So you say you have a staff member (or two) who just isn’t that interested “booth duty” – what should you do about this?
First of all, stop calling it “booth duty” (it sounds silly and tells your team that trade shows are an activity they are obligated to do, not something they’d enjoy). But, seriously, when your team is struggling with disinterest, you need to exude positive energy to help them improve their mindset. Whether or not you believe in the “power of positive thinking,” you can certainly appreciate that you do have an impact on how the opportunity of working in your trade show booth is framed. Using words like “get to” (instead of “have to”), “opportunity” (instead of “obligation”), and “awesome” (instead of “stressful”) will subtly reinforce a positive expectation.
Work with your underperforming staff members individually to understand why they appear to be uninterested in participating (until you ask, you never know, they might be very interested but unaware that there is an issue with their behavior/attitude). Once you have had a discussion about your perception of the situation and any relevant reasoning for their actions, you can work together to find a better solution. In most cases, the underlying issue (after you get past “I just don’t want to”) is relatively easy to resolve…
Here are three suggestions to help you face the most common underlying issues:
(1) Explain why you are exhibiting (your company’s goals) and highlight the benefits available to each staff member as a direct result of their performance on-site.
Having a common focus helps to bring your team together and provides you with a basis for any constructive criticism necessary to encourage your staff to improve their performance. In order to motivate your staff to go above and beyond, however, it is important for each staff member to recognize the specific ways in which their performance affects them personally.
For example, if your company is exhibiting to obtain a volume of quality leads, you can unify your team around this common goal (explaining that by obtaining more quality leads, your company will increase their opportunities to close sales and become more profitable). To encourage your sales staff, in this case, you’d say that exhibiting helps them personally because it reduces their time spent on less enjoyable forms of prospecting (like cold calling) while still filling their sales funnel and progresses existing prospects through the sales process more quickly and easily (reducing the time they’d otherwise spend on the road, playing phone tag, and coordinating follow up meetings). Continue this exercise for the other segments of your team according to your specific goals and their corresponding benefits.
(2) Offer training to improve each staff member’s company knowledge and exhibiting skills.
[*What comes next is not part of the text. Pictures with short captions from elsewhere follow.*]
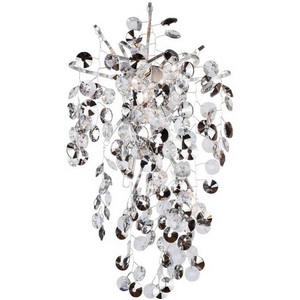 Изображение товара Бра AM Group FACETED FACETED AP5 SILVER с подвесками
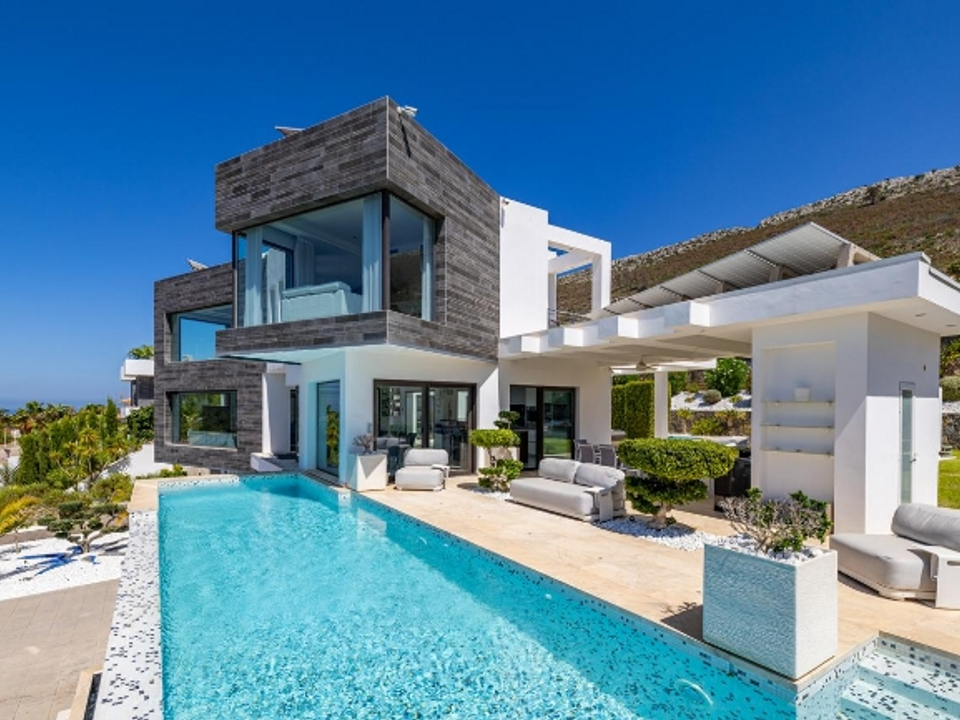 Villa i Alicante, Alicante - foto 2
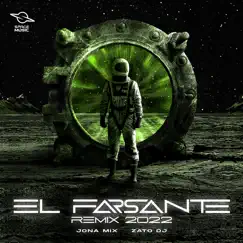 El Farsante (Remix) Song Lyrics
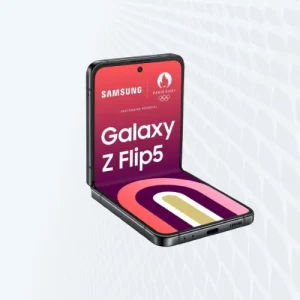 Samsung Galaxy Z Flip5 5G Foldable Smartphone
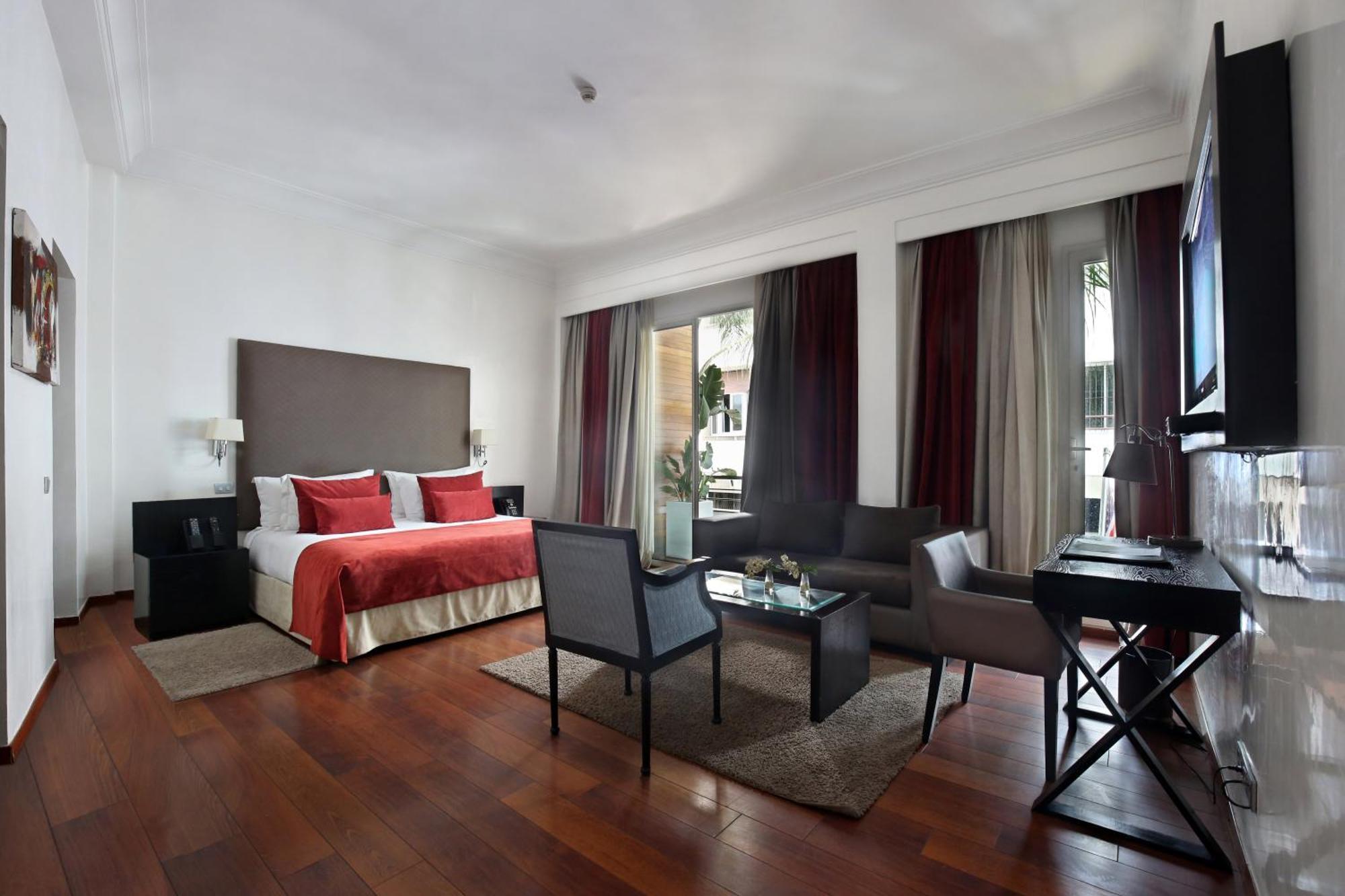 Park Suites Hotel &Spa Luxury Boutique Hotel Casa Blanca Exterior foto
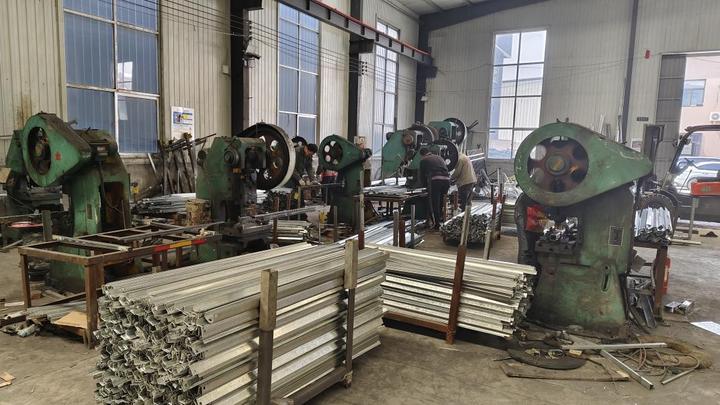 Hebei Dunqiang Hardware Mesh Co., Ltd.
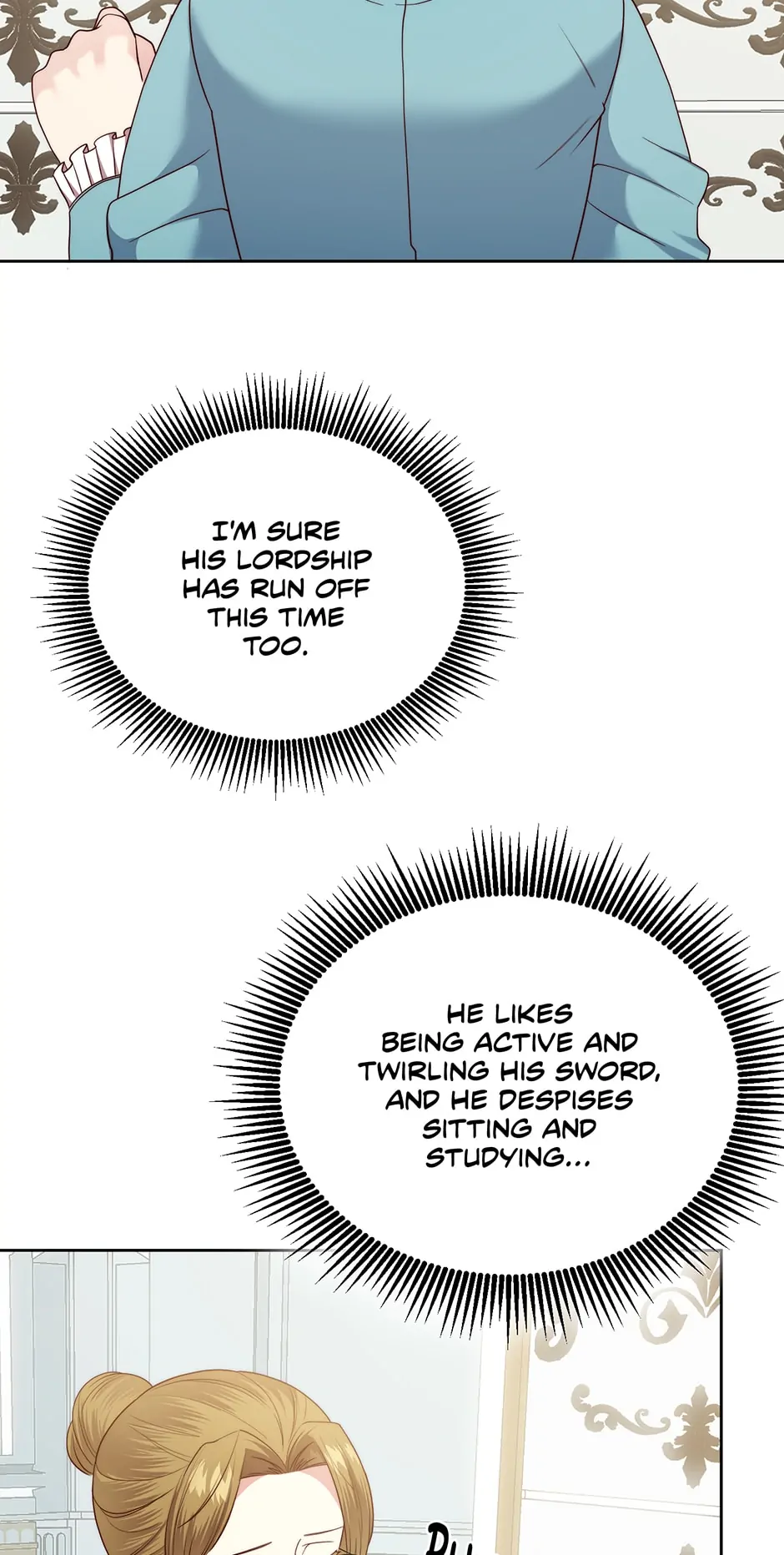I Tamed the Male Lead’s Father Chapter 19 page 50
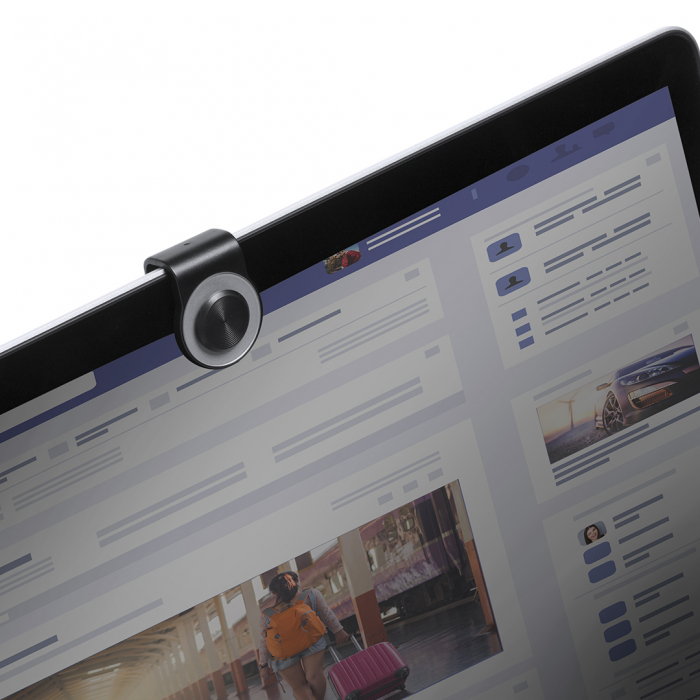 Tapa Webcam Joystick Maint para proteger la privacidad. Tapas webcam promocionales personalizadas. Regalos de empresa y corporativos personalizados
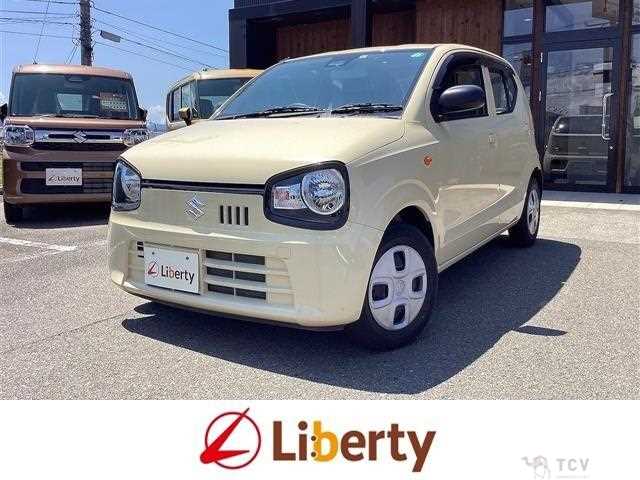 2019 Suzuki Alto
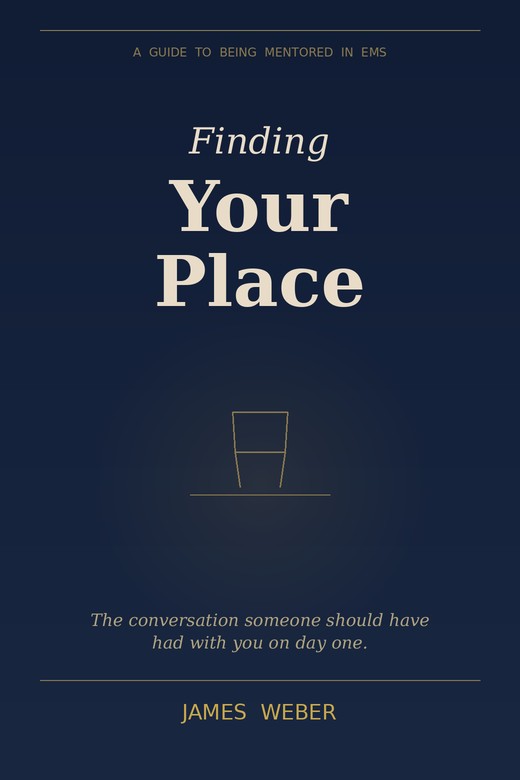 Finding Your Place cover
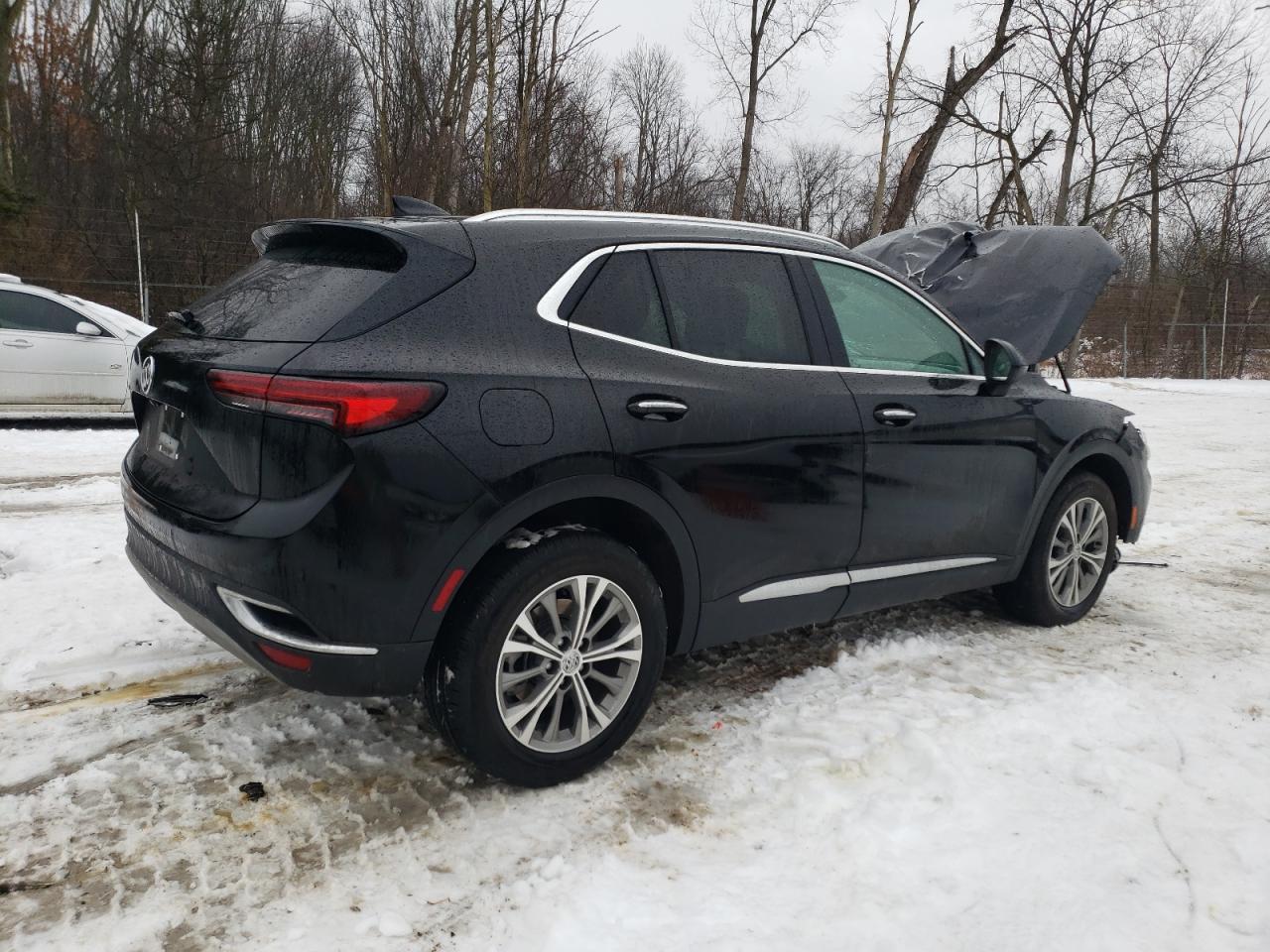 Photo 2 VIN: LRBAZLR45ND141940 - BUICK ENVISION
Most professionals perform poorly and may even shut down when they feel unprepared or uneducated, but your team may not realize or won’t admit that this could be an issue for their performance at your next trade show (especially when these feelings are about details and actions they think others would expect them to know without assistance). It is your responsibility to equip your team to do their best work so that they are confident as they represent your company on-site.
Your pre-show training should refresh your team’s memory as to your company information (history, offerings, audience, competitors, industry basics, etc) and their social skills (greeting and engaging attendees, qualifying leads, making introductions, etc). Very few professionals (if any) are accustomed to representing your company in an exhibiting environment full time; as such, these reminders are crucial. In fact, if you are like most exhibitors, your pre-show training should be more intensive than you think is necessary to ensure that all team members are properly prepared.
(3) Consider staff groupings carefully to remove (or, at least, dilute) negative influences and ensure the presence of positive role models for the duration of your event.
When assigning participation times, it is important to not only consider your team’s external meeting schedules, but also pay attention to how well they work with others… specifically, any other team members who would be assigned to man the booth at the same time.
As you start organizing your booth schedule, categorize your staff members according to their typical performance (from excellent to not so good), areas/level of expertise, and dominant personality traits. Create a balance between loud and soft spoken staffers, those who exhibit patience, compassion, and/or determination with the less enthusiastic, distracted, and/or volatile staffers, as well as those holding particular roles (sales staff, executives, technical experts, etc) to ensure a consistent experience for your guests. At the very least, schedule at least one professional who can serve as a positive influence to your other booth staff in each available time slot.
Finally, if you have tried all of these suggestions and still can’t sway your stubborn staff members to at least act as though they are interested and perform accordingly, don’t force it. Having someone who is unengaged, unmotivated, and unenthusiastic in your booth will hurt your reputation more that it could help. Exhibiting isn’t always easy and it’s not for everyone, so if you can’t make it work, consider hiring external assistance, selecting a different team member to fill in (and enjoy the benefits that come with that honor), or not exhibiting at all instead of fighting with reluctant booth staff.